Following Wednesday’s meeting with Prime Minister Binyamin Netanyahu, Yisrael Beytenu chief Avigdor Liberman sat down for the first day of formal coalition negotiations.
Senior officials in both the Likud and Yisrael Beytenu parties said that barring last minute surprises, Liberman’s entry into the coalition was all but assured.
Liberman met with Tourism Minister Yariv Levin (Likud) for the talks, and before the negotiations began the two said a coalition agreement is likely to be wrapped up within the day.
"In a spirit of cooperation, this morning we are renewing the talks after we held talks last night as well," said Levin before the meeting began. "Things are being managed well and we hope to conclude things as soon as possible."
"This is a natural process that will strengthen the state of Israel, strengthen the coalition's stability and enable us truly to advance all the processes that the government and the public that elected us are interested in."

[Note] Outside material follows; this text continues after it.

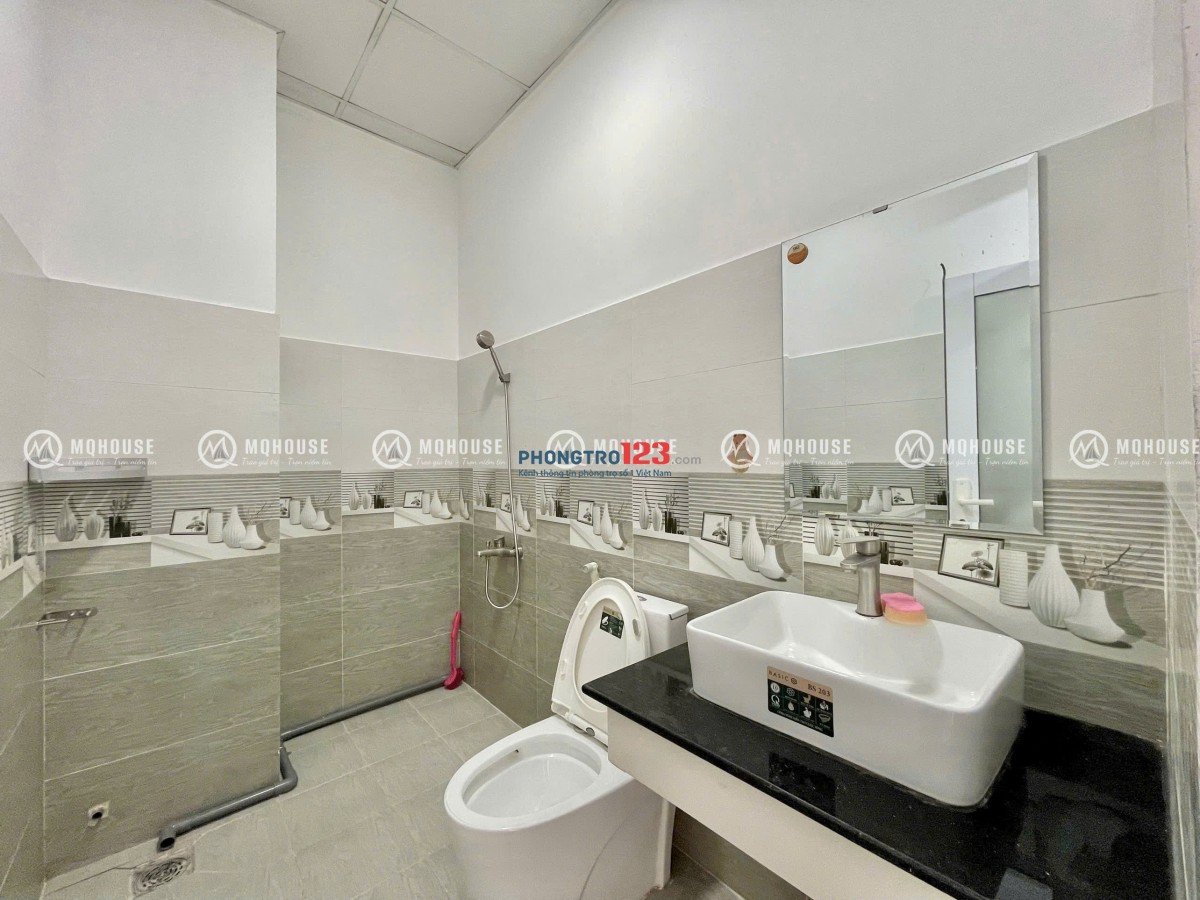 CHO THUÊ CHDV 1PN BAN CÔNG 40M2 MỚI 100% NGAY BỜ KÈ HOÀNG SA GIÁP PN, Q3, BT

In response to a question on timetables, Levin said, "we obligate to work as hard as possible so as to complete (the talks) this very day."
Liberman for his part said he supports everything Levin said.
According to reports on Wednesday, former Foreign Minister Liberman will receive the Defense Ministry, replacing Moshe Ya'alon. Yisrael Beytenu will also likely take the Immigration Ministry – an important position for the party, whose constituents are primarily immigrants from the former Soviet Union.
Liberman has also sought to include pension reform in a coalition agreement, along with a plan to provide young couples with low-cost mortgages, and a bill imposing the death penalty for terrorist murderers.
On more controversial subjects, like the Draft Law, Yisrael Beytenu is unlikely to be bound by the coalition’s existing agreements with haredi parties opposed to a restoration of the original version of the legislation. A report in Yisrael Hayom claimed that Yisrael Beytenu would be allowed to vote against the coalition on bills related to the draft.
In other matters of religion and state, where Liberman finds himself at odds with Netanyahu’s haredi coalition partners United Torah Judaism and Shas, the Yisrael Beytenu leader has placed little to no emphasis, with no specific policy demands for the coalition.
“Matters of religion and state, which would likely derail talks given the opposition of haredi [parties], are not central to Liberman’s demands from the coalition,” said the report.